• ABOUT THIS EXERCISE
Print the data exactly. Pictures stay out.

• ENTRIES PROVIDED
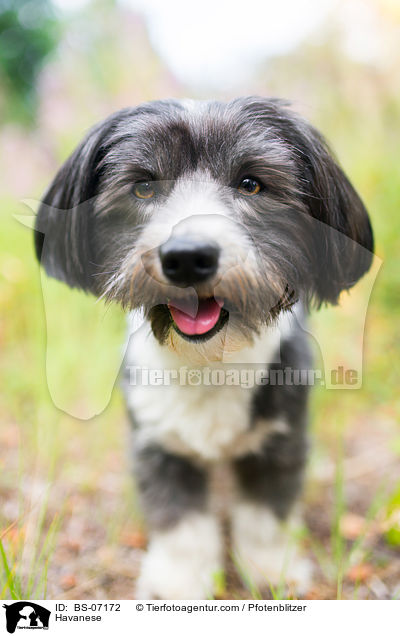 Havaneser / Havanese / BS-07172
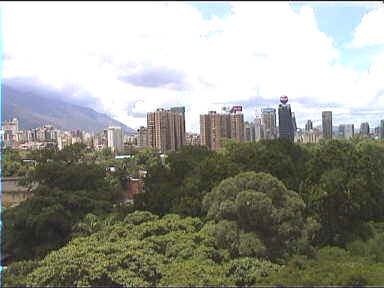 Caracas Skyline from Museo de las Bellas Artes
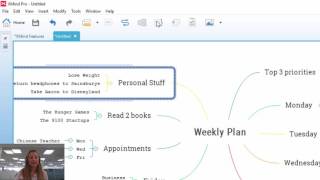 Xmind 8 Tutorial Adding Boundaries [upl. by Aniteb]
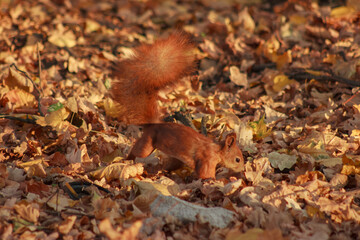 Orange shaggy squirrel in the ground in autumn leaves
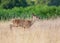 Red Deer calf (Cervus elaphus) running through long grass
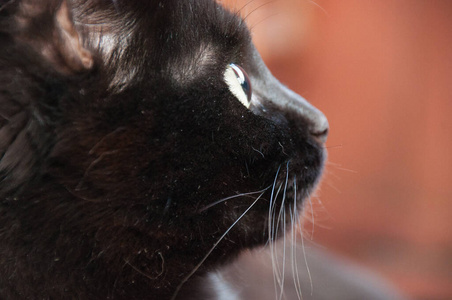 美丽的黑猫看向别处,特写侧面.动物节和猫日照片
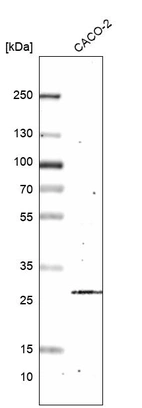 Western blot analysis in human cell line CACO-2.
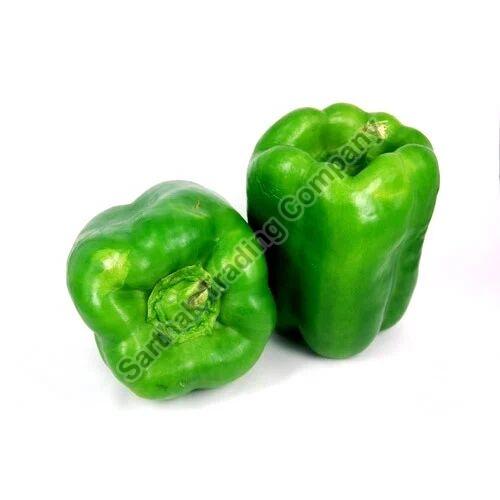 Fresh Green Capsicum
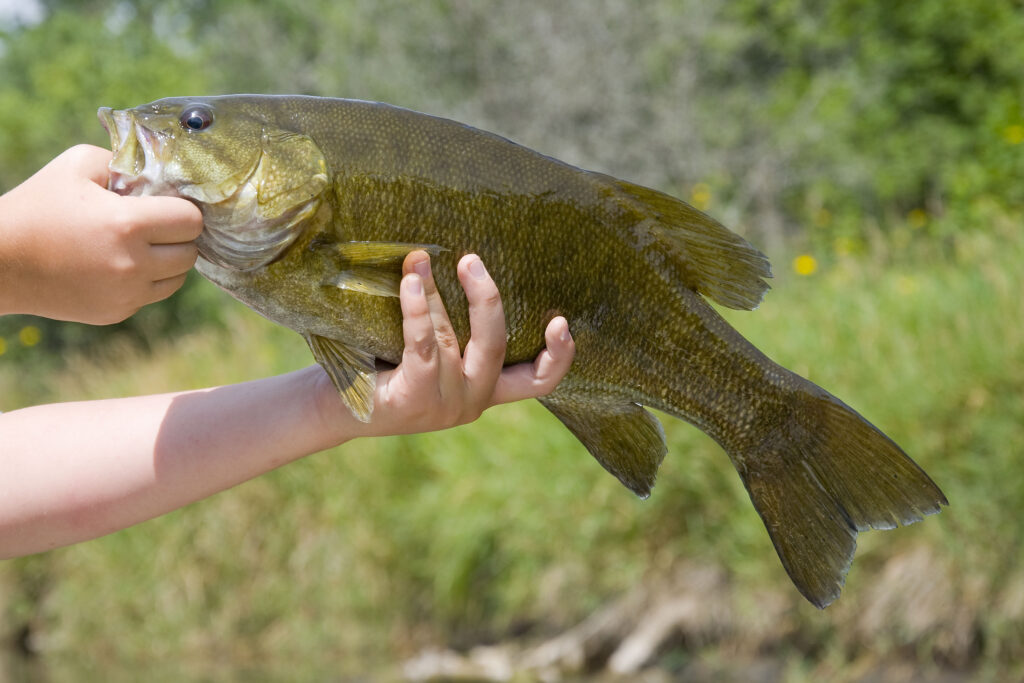 Smallmouth Bass  Missouri Department of Conservation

• SOLUTION TO THIS EXERCISE
 Havaneser / Havanese / BS-07172
 Caracas Skyline from Museo de las Bellas Artes
 Xmind 8 Tutorial Adding Boundaries [upl. by Aniteb]
 Orange shaggy squirrel in the ground in autumn leaves
 Red Deer calf (Cervus elaphus) running through long grass
 美丽的黑猫看向别处,特写侧面.动物节和猫日照片
 Western blot analysis in human cell line CACO-2.
 Fresh Green Capsicum
 Smallmouth Bass  Missouri Department of Conservation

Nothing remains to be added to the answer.